To the east, you'll see at least two different protected areas, the Elm 
Ridge Wild Forest and the Windham-Blackhead Range Wilderness. Wild 
Forest is a lower level of protection than Wilderness, and allows such 
uses as mountain biking. Showing these parcels separately is essential 
to a mountain bike user, since it will indicate how far s/he can legally 
ride on the trails. Note that the Elm Ridge Wild Forest extends outside 
the Blue Line at the north. The area outside enjoys protection as a Wild 
Forest, but does not enjoy the protection of the Catskill Park. The 
state is free to classify the land as other than Wild Forest, sell it, 
or develop it by a simple act of the legislature, a much lower hurdle 
than amending the constitution.

You'll see how the parcels can be shown readily by using a 
semitransparent shading on the interior edge of the polygon, without 
obscuring what lies within.

Shown in the base color is land cover with deciduous forest (medium 
green) predominant. At the highest elevations and in the wet low-lying 
areas, coniferous forest (dark green) takes over. There are some patches 
of mixed forest (lightest green) along with farmland (buff), marshland 
(aqua) and developed land (pink) in the valleys. Some of the cliffs have 
patches of bare rock and scree (grey). A light hill shading overlays the 
whole.

So here we have large administrative units (lines with their names shown 
on the interior), smaller and sometimes overlapping administrative units 
and land use designations (lighter lines with transparent color overlay 
on the interior, with names in the interior for the larger areas where 
possible), hill shading, and land cover (base color) all shown. The 
visual clutter can get pretty bad in spots, particularly where different 
agencies' GIS systems fail to agree, but the information density is high.

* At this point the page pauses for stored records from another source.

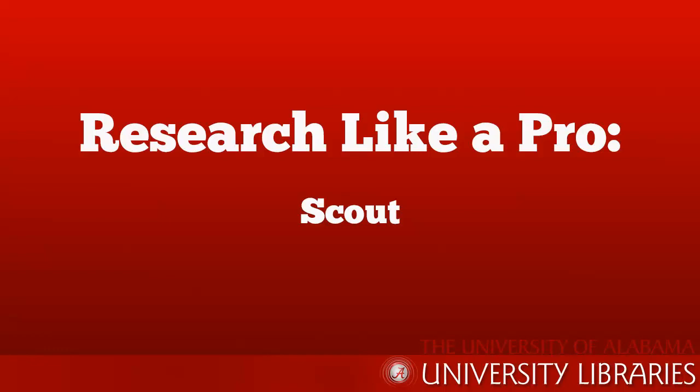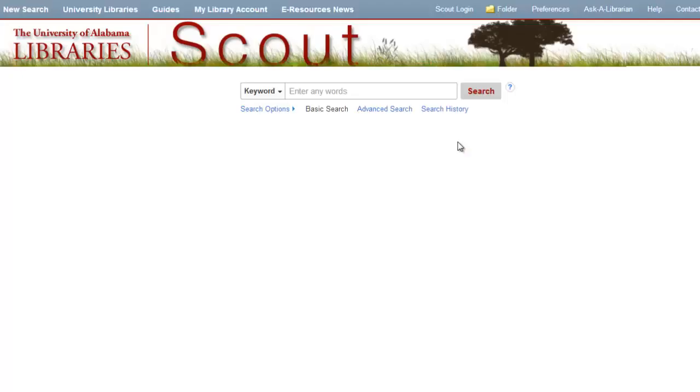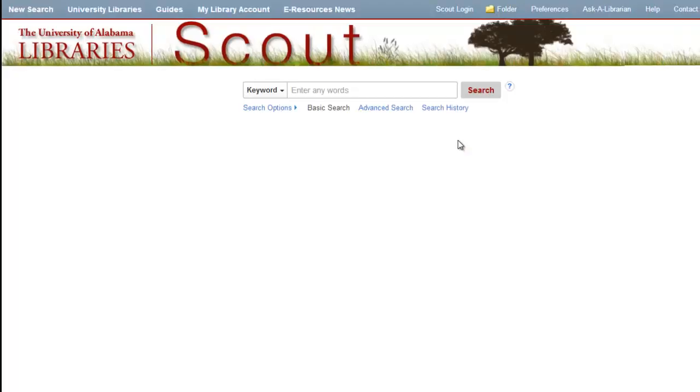In addition to our databases, UA libraries have a discovery tool called Scout. Scout is unique because it searches many databases at the same time. While some research projects might call for a narrow, subject-specific database, Scout is usually a great starting point.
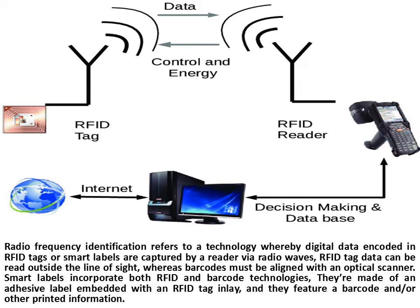whereas barcodes must be aligned with an optical scanner. Smart labels incorporate both RFID and barcode technologies. They are made of an adhesive label embedded with an RFID tag inlay, and they feature a barcode and/or other printed information.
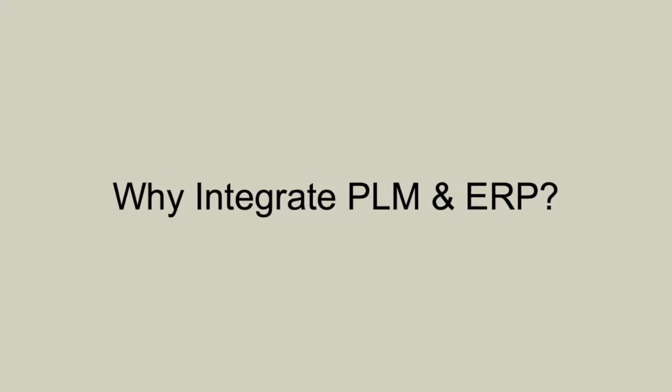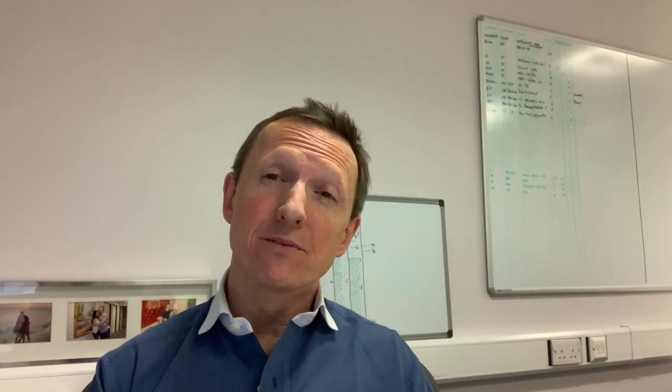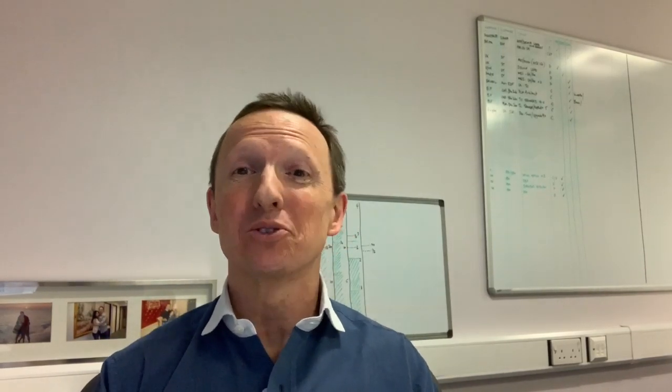So why integrate PLM and ERP? Well, whilst they deal with entirely different business needs, the processes that they support are very closely related, and therefore you must integrate the two. PLM is concerned with the development of your process, and ERP focuses on the resources that you need for production. And because of this, it makes sense to use them in the order that the product information would naturally move through them.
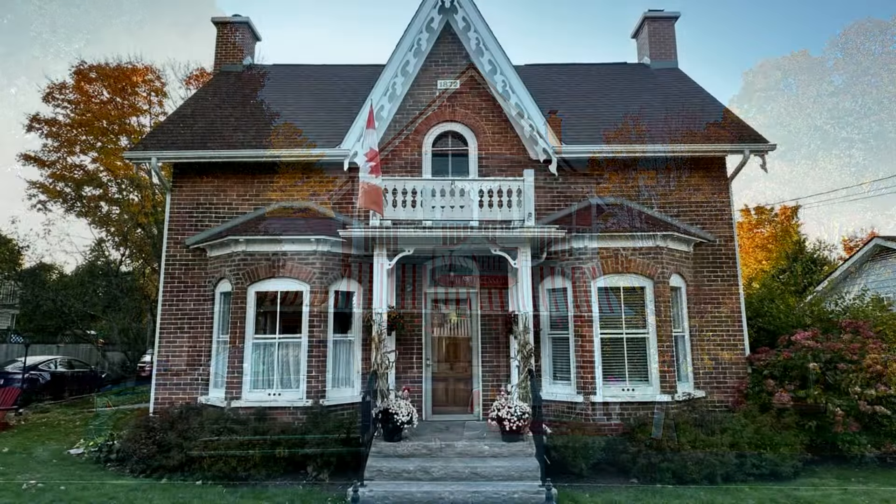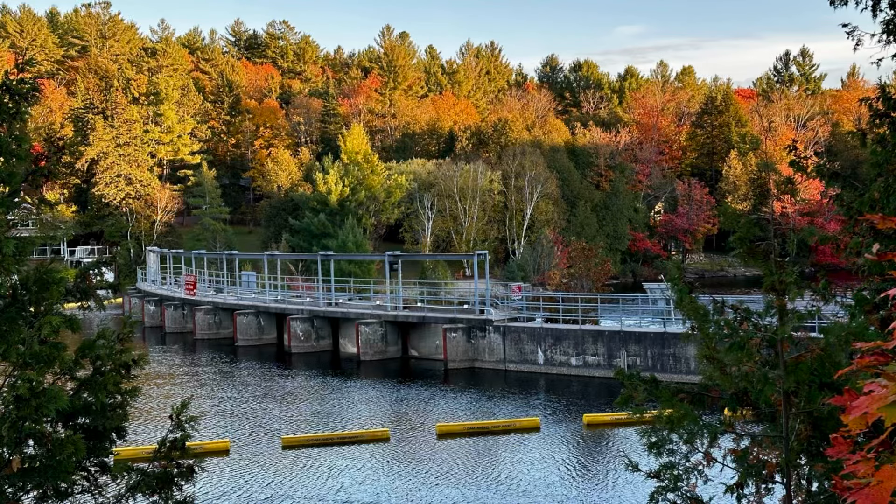The Baysville Dam offers a serene view of the river, with the fall foliage reflecting on the water's surface, creating a peaceful retreat.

Patterned overlays are also still available, and I'm not using them very 
much yet. You can see that I mark emergent wetlands (from yet another 
data source) with a pattern, if you use the mouse wheel or zoom buttons 
in the map that I linked to to examine the wet area north of Hensonville 
at the center. Showing these without a rendered boundary seemed 
appropriate, since they're approximate at best (and depend on rainfall 
and beaver activity in any given year).

I contend that if the standard rendering made more use of edge in-fill, 
pattern fill, and transparent overlays, we'd have fewer arguments. With 
our use of solid color fills (and opaque pattern fills) exclusively, we 
simply don't have enough ways of displaying the competing concerns, and 
lurch among tagging that focuses on land ownership, land administration, 
land use, and land cover - all related, but distinct concerns - with 
cascading effects downstream as people try to render whatever tag scheme 
has come out of the latest round of a never-ending argument. In large 
measure, it comes down to the renderer. We try to have a tag scheme that 
says, "this parcel is inside the Catskill Park. It's owned by the 
Department of Environmental Conservation. It's open to the public. It's 
covered with balsam forest. It's managed as Wilderness Area" in a single 
statement. That simply will never be successful. Renderers will have to 
deal with these cross-cutting concerns, which means rendering 
overlapping areas that have different meanings.

We might as well face the fact that these issues are chaotic, they're 
always going to be chaotic, and no tag scheme will ever describe them 
fully. But please, can we try at least not to have continual breakage 
for major, signed features such as National Forests or the Catskill Park 
that nearly all map users will want to have rendered somehow?